It was emphasised previously in this debate that the Public Appointments Service will be some kind of independent body which will contribute to the independence of the commission. As we can see, all of this is simply a process for weeding out the people who are unsuitable. That is all the Bill actually does. In section 13(1) and (2), it is stated that certain people will be suitable for appointment. By implication, this means that those who are not recommended are unsuitable for appointment.

Section 13(3) states:

The Minister shall agree with the Public Appointments Service the selection criteria and procedures applicable to a selection process under this section having regard to-

(a) the objective that the lay members will, having regard to the functions of the Commission, amongst them possess knowledge of and experience, qualifications, training and expertise in the matters specified in subsection (4).

(b) the need, in so far as is possible to ensure that recommendations made under subsection (2) should comprise an equal number of women and men and reflect the diversity of the population of the State as a whole.

We stop there and say that in sifting out those people who are unsuitable that those involved should have in the back of their minds the need to have a gender and diversity balanced list for the Minister to look at. Section 13(3)(c) states: "the need to ensure that a person recommended to the Minister under subsection (2) is a fit and proper person to be a lay member." This is fairly obvious. Having said that they are suitable for appointment, one of the things that the Minister is entitled to do is to lay down selection criteria to ensure that they are fit and proper to be appointed.

Section 13(4) then states:

The matters referred to in subsection (3) are matters connected with-

(a) business, finance or public service,

(b) corporate governance and human resources (including making, or recommending persons for, senior appointments)

(c) the courts and the operation of the justice system both in the State and in places outside of the State and

(d) the importance of protection of human rights and equality.

That is strange, because now those are being included in addition to expertise, gender balance and diversity balance and the need to ensure that they are fit and proper people that they should also have regard to those criteria.

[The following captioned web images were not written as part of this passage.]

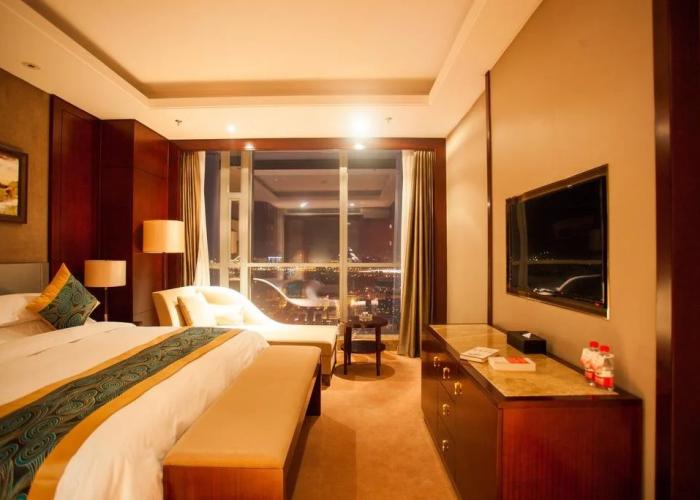 Soluxe Hotel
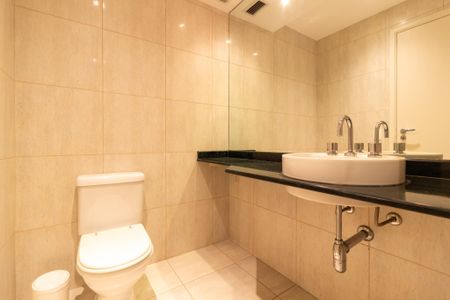 Apartamento à venda com 156m², 2 quartos e 2 vagas Apartamento à venda com 156m², 2 quartos e 2 vagasSuíte 1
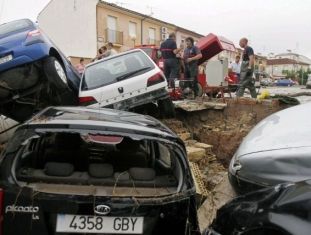 Figura 3. Estado de los coches en la calle después de las inundaciones urbanas. Foto: antena3.com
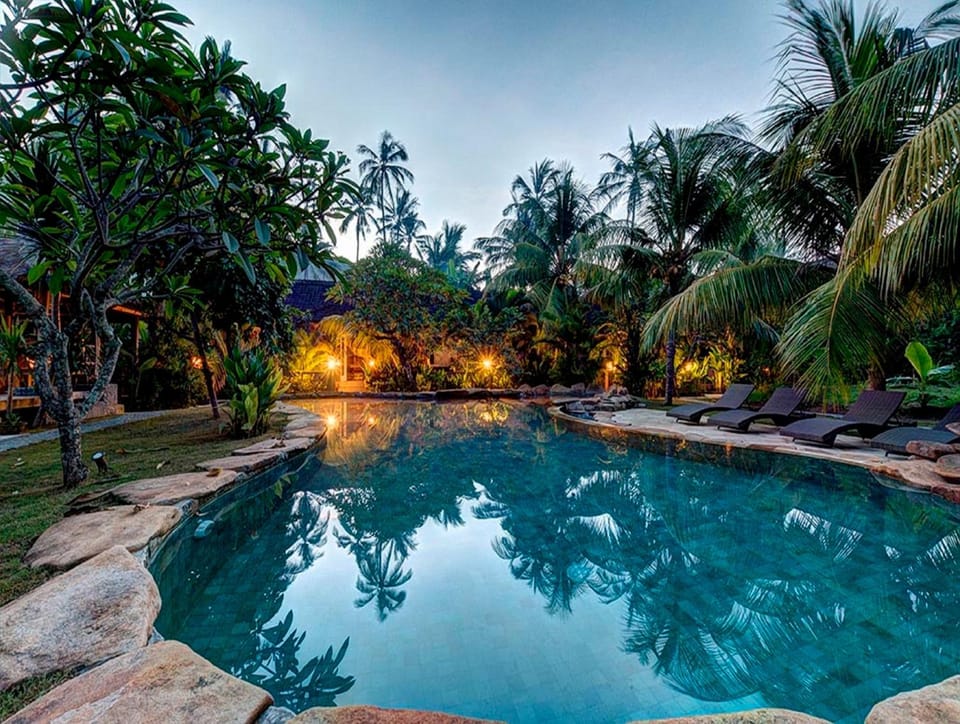Swimming pool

This is the crucial subsection.

Section 13(5) states: "Subject to subsection (6), the Minister shall appoint lay members from among the persons recommended by the Public Appointments Service under subsection (2)." The consequence of that is that the Minister may get a panel of 20 people who are suitable for appointment. The Minister can then choose four from the 20 who proved to be suitable for appointment, having regard to the criteria laid down. This is an occasion where direct political discretion is vested in the Minister as to who the four lay people are, selected from a larger panel. What fascinates me in this context that this is accepted as being perfectly fine. The Minister for Justice decides on four names out of 20, and that is fine; that is independent and that is transparent. The Minister has discretion in this case. However, when the Government comes to look, for example, at the entire membership of the current Supreme Court, it is told that it cannot make a decision based on discretion.

It will be illegal to appoint at least five members of the current Supreme Court to be Chief Justice if a vacancy arises in that office.

The point I am making is that when it suits the architects of this legislation to decry executive discretion as to who should be appointed as judges, they say there is something tainted about vesting a considerable amount of discretion in the Government. Under the Bill, however, open-ended discretion is given to a Minister to select from among the people ruled-----

Will the Senator accept a point?

I am not sure if I have misunderstood the point because I agree with Senator McDowell insofar as I believe there should be greater political discretion. One of the downsides of this Bill is that it removes that. Surely the amendment he is suggesting would remove exactly the kind of discretion he is talking about. Would it not be favourable, therefore, to leave the language in section 13 as it is because it allows for that political discretion to be vested in the Minister?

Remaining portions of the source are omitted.